Please beware of "Euro breeders" who are charging $3500 to $5000 plus for pups from parents with no or minimal health testing. You are throwing your money away - more importantly you are not helping breeders who are striving to improve Doberman health. By not paying for extensive, necessary health testing, these breeders are not giving back to the breed; they are just getting out of the breed what they can. Sure, they will tell you "they don't need to test their dogs" - and that, my friends, is just a lie and an excuse. PLEASE CHECK OUT THIS WARNING TO NEW BUYERS.
WHY DO YOU WANT A DOBERMAN?
I trained my first police K9 Doberman in 1979, titled my first Doberman in schutzhund in 1981. I know the breed and I love the breed - and I pride myself on representing my dogs honestly.
It may seem like I try very hard to talk you out of buying a Doberman. I do. I want you to be honest with yourself about why you want a Doberman, and if your ideas of what a Doberman is are realistic. My Dobermans are a lot of dog; they need tremendous amounts of exercise and time commitment. To thrive a DanBar Doberman needs daily work, exercise and mental challenges. A Doberman has needs - please be realistic in how well you can meet those needs.
They are happy, active, wicked smart and need your companionship. They do best if worked in some form of dog sport such as agility, nosework, schutzhund, obedience or tracking. Please - DO NOT BE SO CRUEL as to think a Doberman should be kept in a wire cage several hours everyday. If you do not have an outside kennel at least 10 x 10 feet, or an appropriate tether arrangement inside of a well fenced yard, do not consider such an active breed. For far too many people "crate trained" just means sticking a dog in a box except for the few times you take it out to play with it - and then stick it back in the box when you are done with it! I will never knowingly place one of my intelligent, active, emotional dogs into this type of sensory deprivation situation. DOBERMANS REQUIRE APPROPRIATE HOUSING.
WHY I BREED DOBERMANS
I have loved the Doberman breed since I owned my first one in 1979, a dog I took to a Police K9 Training school and graduated with. A Dr. Bruckner was in charge of the German Army Dog Breeding center and reports that in 1939 the German Army bred 71 Dobermans, of which 48 were fit for training. Dr. Bruckner believed the Doberman to be one of the best breeds for War Dog training. He "especially admired the ancient type of Dobermann; medium-sized, heavy build without coarseness and with a thick coat, good for outdoor life. He detested the results of the modern way of breeding tall, too elegant (frail) Dobermanns with thin coat and without the proper mental strength." (History of the Dobermann Simon Rieveld)

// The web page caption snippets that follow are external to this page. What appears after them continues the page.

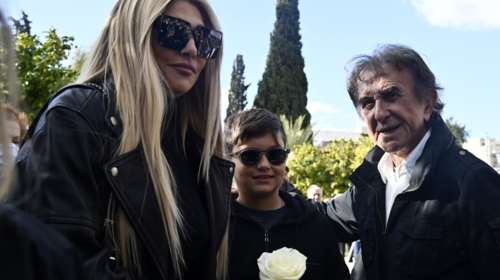 Αγγελική Ηλιάδη: Η αμήχανη στιγμή στην κηδεία της Καίτης Γκρέυ, όταν δεν μίλησε στον θείο της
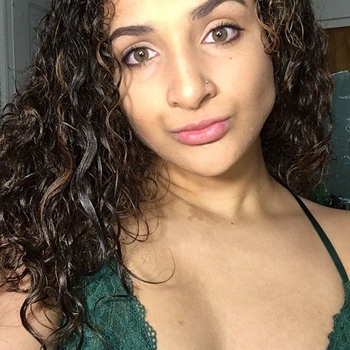Honey, vrouw (29 jaar) wilt contact met man voor sex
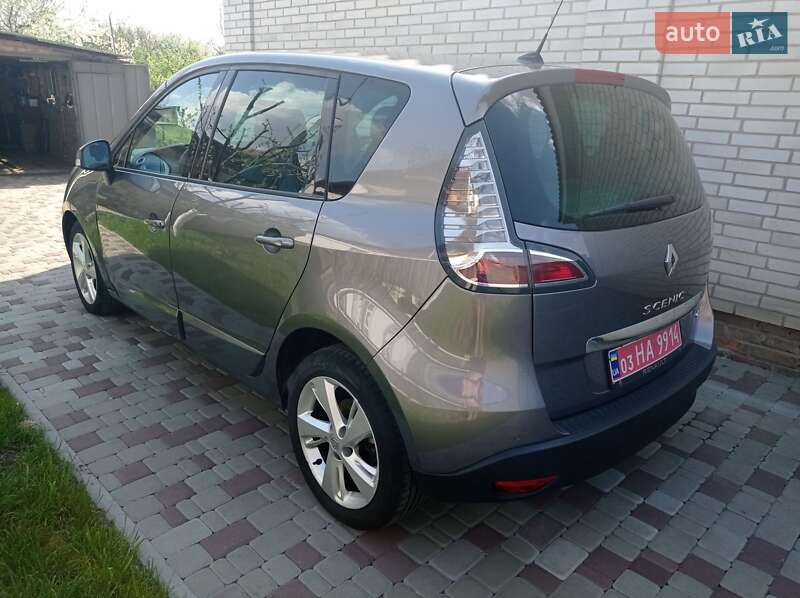 Минивэн Renault Scenic 2012 в Нежине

I am of the same opinion. My dogs have thick hair and can live outside in our severe Eastern Washington high desert winters. I breed specifically for thick, strong build and mental strength. After 40 years in the sport of schutzhund and decades involved with police K9 and commercial guard dog work I admire Dobermans with working temperament.
My goal is to be a small part of trying to return the Doberman to its proud position as a serious ( and healthy) work dog and dependable family companion. Most of my puppies will go into "pet homes" but as a "preservation breeder" I want my Dobermans to make Herr Louis Dobermann proud!